La réponse est simple, le design améliore le monde, c’est sa raison d’être. De manière simple et pragmatique, cet outil améliore les performances d’une entreprise quels que soient sa typologie et son secteur d’activité. La créativité du designer permet aux entreprises de viser des marchés internationaux, de se référencer auprès de nouveaux distributeurs, de se rendre visibles, d’augmenter leurs marges, de rationaliser les coûts de production et, plus généralement, d’améliorer la chaîne d’approvisionnement. Les exemples de différenciation et de prise de leadership grâce au design parmi les PMI/ETI sont de plus en plus nombreux. Le design aide également les entreprises dans leur démarche d’innovation ou de financement. Le design est une discipline transverse structurante permettant de modéliser un système, une offre de service, un modèle économique, et de le partager de manière fédératrice. Loin d’être un simple dessinateur, le designer a une fonction stratégique, car il travaille sur les desseins d’une organisation pour en améliorer l’existant en tenant compte de l’ensemble de son écosystème. Ainsi, qu’il travaille sur la différenciation d’une marque et de ses gammes ou sur la diversification de l’activité d’une entreprise, le designer accompagne ses clients dans un objectif de croissance, et ça fonctionne !


Béatrice Mariotti
Vice-Présidente de Carré Noir

Avec l’Homme est né le design. Le signe, le langage et la beauté formelle, l’objet sublimé (rituel ou fonctionnel), le désir de progrès. Depuis la révolution industrielle, il est aussi devenu synonyme d’excès et d’hyper consommation. Aujourd’hui, confronté à une mutation profonde marquée par la culture de la déflation, son défi est d’accompagner l’Homme dans la redéfinition du monde. Le design doit affirmer sa nature première, utile et symbolique, mais privilégier l’anticipation, la projection, le temps long. Prendre de la hauteur pour regagner en profondeur : une ambition design qui doit être portée par l’ensemble des acteurs (pouvoirs publics, institutions, entreprises, professionnels). Le design est un atout qui appartient à l’Homme. Il n’appartient qu’à l’Homme de sauver le monde.


Louis Collinet
président de CBA

Le design a toujours joué le rôle d’un facilitateur d’innovation. En ce sens, le design ne sauve pas le monde, mais il contribue certainement à en accélérer le mouvement.

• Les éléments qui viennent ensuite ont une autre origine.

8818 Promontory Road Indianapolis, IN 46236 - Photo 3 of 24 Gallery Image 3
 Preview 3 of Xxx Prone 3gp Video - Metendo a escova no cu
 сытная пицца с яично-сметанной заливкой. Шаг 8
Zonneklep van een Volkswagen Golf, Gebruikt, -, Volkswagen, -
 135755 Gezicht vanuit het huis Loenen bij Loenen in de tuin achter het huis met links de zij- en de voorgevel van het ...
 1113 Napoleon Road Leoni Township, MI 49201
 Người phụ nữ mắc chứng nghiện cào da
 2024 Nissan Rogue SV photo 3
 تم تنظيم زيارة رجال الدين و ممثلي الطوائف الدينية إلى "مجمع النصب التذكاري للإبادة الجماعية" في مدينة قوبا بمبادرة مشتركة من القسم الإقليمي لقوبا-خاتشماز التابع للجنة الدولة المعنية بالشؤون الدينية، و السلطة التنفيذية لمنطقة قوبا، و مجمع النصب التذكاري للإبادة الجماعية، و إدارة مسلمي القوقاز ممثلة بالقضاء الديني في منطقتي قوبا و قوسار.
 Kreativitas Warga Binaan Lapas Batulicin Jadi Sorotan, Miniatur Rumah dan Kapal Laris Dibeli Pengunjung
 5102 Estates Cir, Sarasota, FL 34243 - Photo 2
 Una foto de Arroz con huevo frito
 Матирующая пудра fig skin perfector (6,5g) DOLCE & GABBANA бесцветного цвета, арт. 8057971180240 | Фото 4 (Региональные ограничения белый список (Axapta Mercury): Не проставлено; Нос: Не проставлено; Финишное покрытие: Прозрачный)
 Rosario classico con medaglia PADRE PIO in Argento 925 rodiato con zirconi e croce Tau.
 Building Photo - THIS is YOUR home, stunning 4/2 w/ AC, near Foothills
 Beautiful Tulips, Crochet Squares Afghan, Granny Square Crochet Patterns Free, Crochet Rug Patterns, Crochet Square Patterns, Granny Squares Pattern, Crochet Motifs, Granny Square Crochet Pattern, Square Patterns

Alan Turing a inventé ce qui peut être considéré comme le premier ordinateur. Sa machine, complexe, était inaccessible au plus grand nombre. Quelques décennies plus tard, c’est le vénéré Steve Jobs qui a démocratisé l’ordinateur en le rendant indispensable et désirable.

Environnement, transports, mobiliers urbains, objets connectés, logiciels éducatifs, nouveaux produits… Le design est au cœur de notre vie quotidienne. Au service des clients, notre mission de designer, c’est donc de faire aimer le progrès.